Best Reading Comprehension Apps for New Readers

February 25, 2020

Best Reading Comprehension Apps for New Readers

Reading comprehension is the ultimate goal of learning to read. While many new readers might struggle with this skill, there are ways to help improve such as reading comprehension apps.

One of the most important skills in reading is reading comprehension. Most kids that are beginning to read will likely just be identifying words in the text. They may not be fully understanding what the sentences actually mean. However, there are effective strategies and tools that can get your new reader to not only be able to identify words but actually fully understand what they are reading

What are the best reading comprehension apps to help new readers improve?

The best reading comprehension apps address a variety of issues that contribute to poor reading comprehension.

  1. Readability – Readability helps new readers learn to read in a fun and interactive way by working as a private tutor for your child. It combines A.I. technology and speech-recognition to help your child fully understand a text and not just memorize words on a page.
  2. Inspiration Maps – Mind mapping is a great way to help with improving reading comprehension because it is a strategy that helps get information in and out of your brain. Inspiration Maps is an app that helps your child create mind maps and is a great tool for them to learn how to organize information in their mind.
  3. Rewordify – One of the main reasons a new reader might be struggling with reading comprehension is because they might be struggling with the vocabulary in the reading material. Rewordify takes a piece of text and simplifies it to be much more understandable.
  4. Reading Comprehension – Reading Comprehension has a series of apps designed for various reading levels. They provide graded reader books that also have questions to help readers see how much they understood the story.
  5. RainbowSentences – The first step in understanding a story is to understand sentences. RainbowSentences helps your child learn to understand sentences by color-coding sentence parts. This app makes building sentences into colorful fun.
  6. Question Builder – Asking questions about a text is a good way to check reading comprehension. Question Builder helps young new readers learn to answer abstract questions using photos and stories.

reading comprehension apps

How do you teach reading comprehension?

There are several strategies teachers often use that you can use at home to improve your child’s reading comprehension skills. Using the apps mentioned above, you can combine those tools with these strategies to improve your child’s reading comprehension.

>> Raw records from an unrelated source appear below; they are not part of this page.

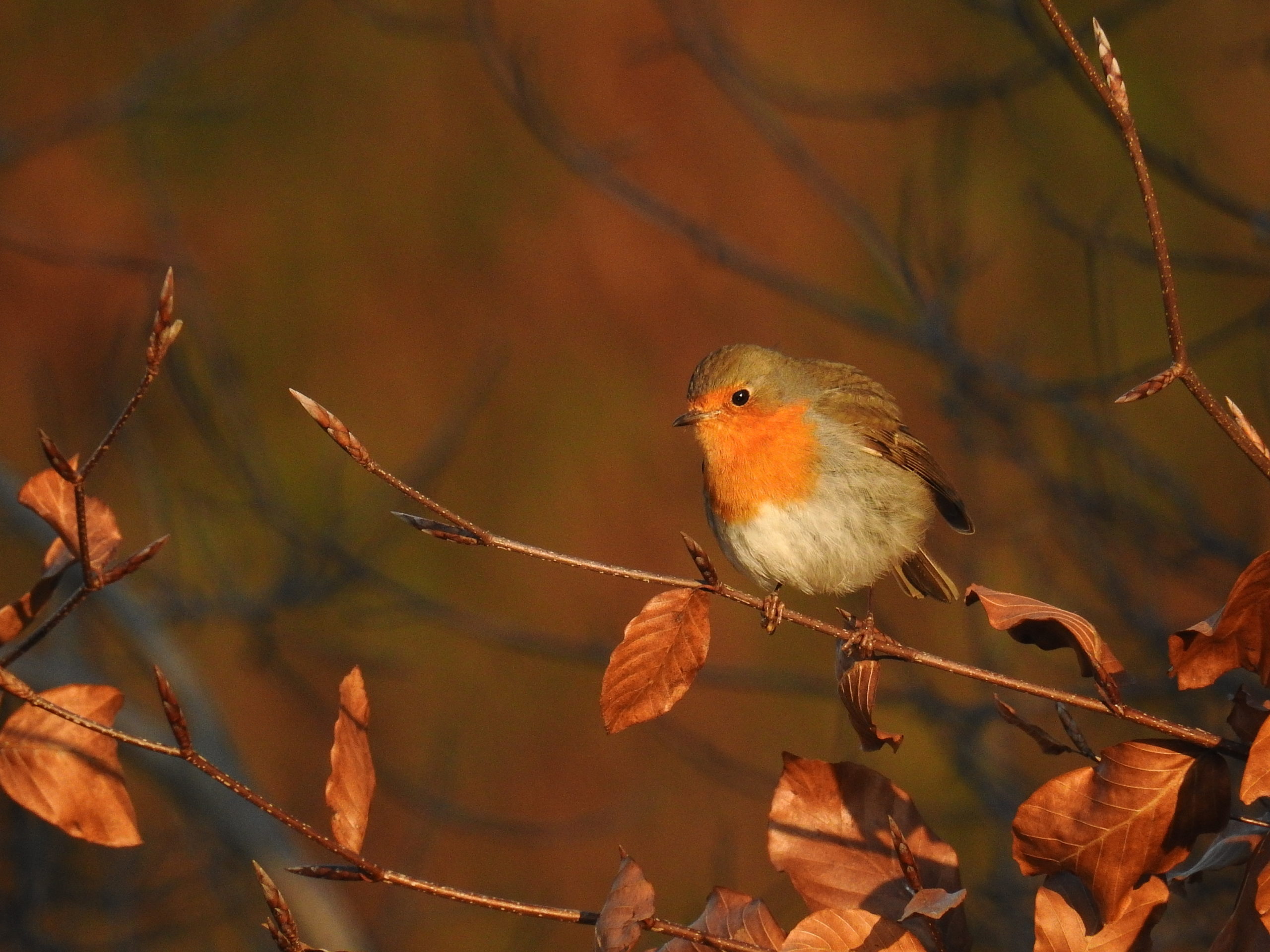 Foto van de Maand oktober wedstrijd
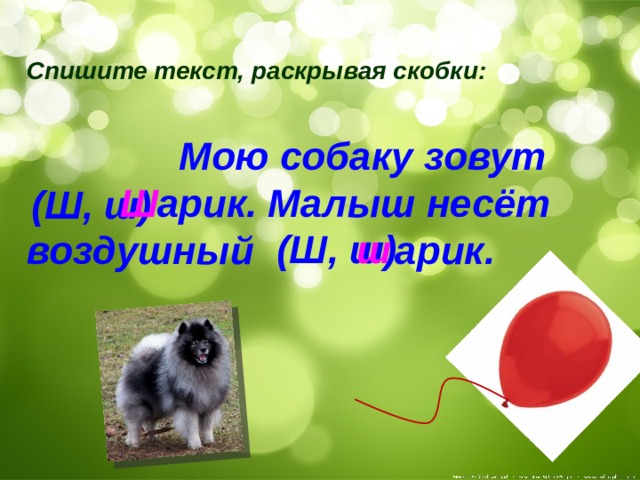 Спишите текст, раскрывая скобки:   Мою собаку зовут  арик. Малыш несёт воздушный арик. Ш (Ш, ш) (Ш, ш) ш 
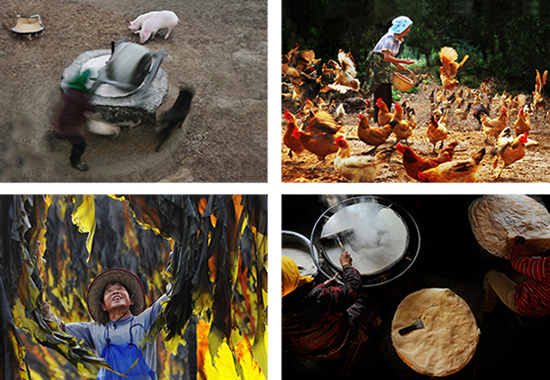 点此在新窗口浏览图片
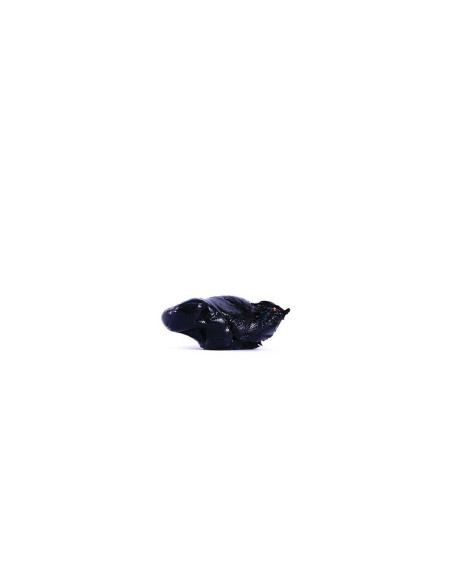Caapi Resin 15:1 Extract - Banisteriopsis Caapi Caapi Resin 15:1 Extract - Banisteriopsis Caapi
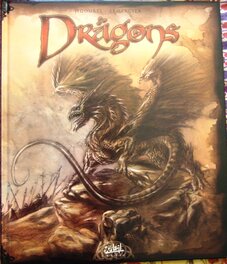 Livre Dragons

  • Preview – Previewing a text involves using prior knowledge that your child already has to help them understand what the text is about.
  • Predicting – When new readers predict what might happen in the text, they are also activating their prior knowledge to help understand what they are reading.
  • Main ideas and summarizing – Having your child identify the main ideas and summarizing a text in their own words helps them think about what are the most important ideas and what is the author trying to say.
  • Questioning – Asking questions and answering questions about the reading material can also help new readers think about what they understood from what they read. This strategy also helps them to further develop their critical thinking.
  • Making Inferences – While making inferences about a text might take some time for new readers, once they are able to “read between the lines” reading comprehension becomes much easier.
  • Visualizing – Visualizing a text can help with recalling information. Always take some time to look at any pictures or photos that might be in your child’s reading material. You can also have your child draw something about what they read.

Poor reading comprehension can have many negative effects when it comes to critical thinking skills and academic success. Reading comprehension is important for academic success and future life skills. However, according to the U.S. Department of Education, only about 36% of fourth-graders and 34% of eighth-graders have successful reading comprehension by the end of the school year.

Using strategies and tools such as Readability can get your child to read and fully understand what they are reading. Reading comprehension is a crucial first step in learning how to think critically and helps increase their brain development.